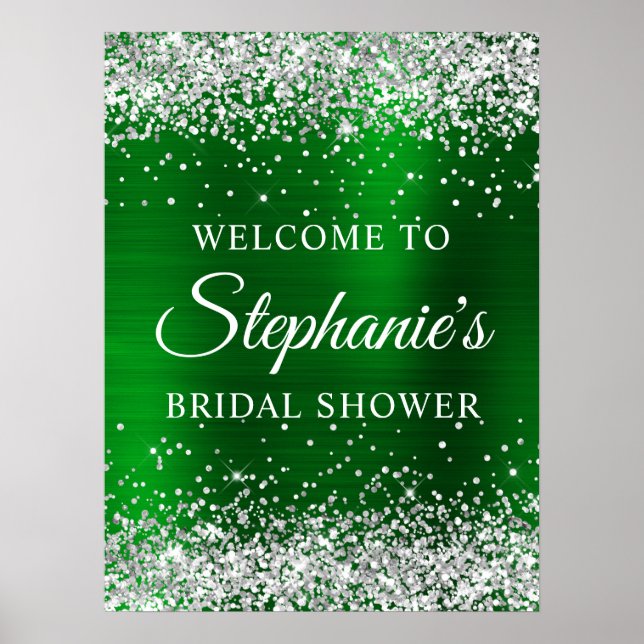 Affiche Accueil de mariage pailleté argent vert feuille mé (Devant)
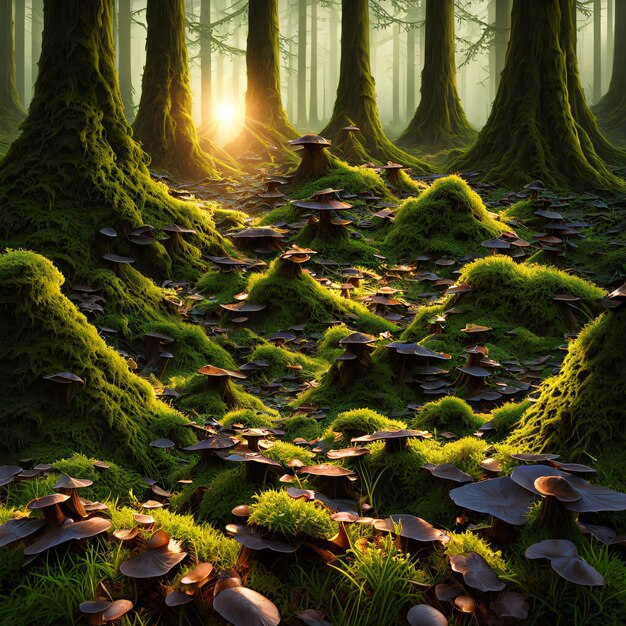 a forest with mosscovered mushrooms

---

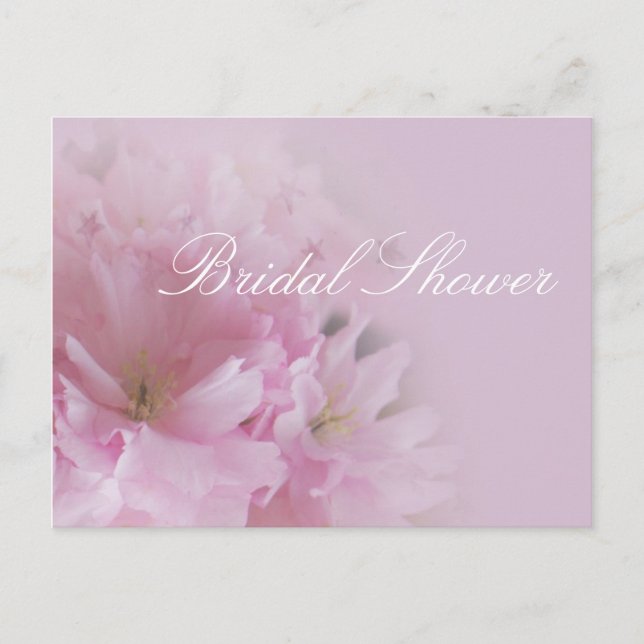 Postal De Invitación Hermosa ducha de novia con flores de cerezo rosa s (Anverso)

==

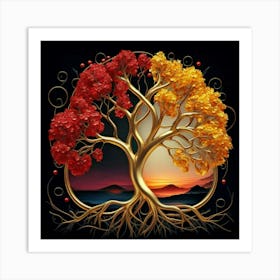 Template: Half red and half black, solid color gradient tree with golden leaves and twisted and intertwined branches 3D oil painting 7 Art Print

_Exercise objective_
A clean copy is needed of the lines in the listing above from the one with "Affiche Accueil de" through the one with "a forest with mosscovered mushrooms", exact in every word and free of pictures.

_Task response_
 Affiche Accueil de mariage pailleté argent vert feuille mé (Devant)
 a forest with mosscovered mushrooms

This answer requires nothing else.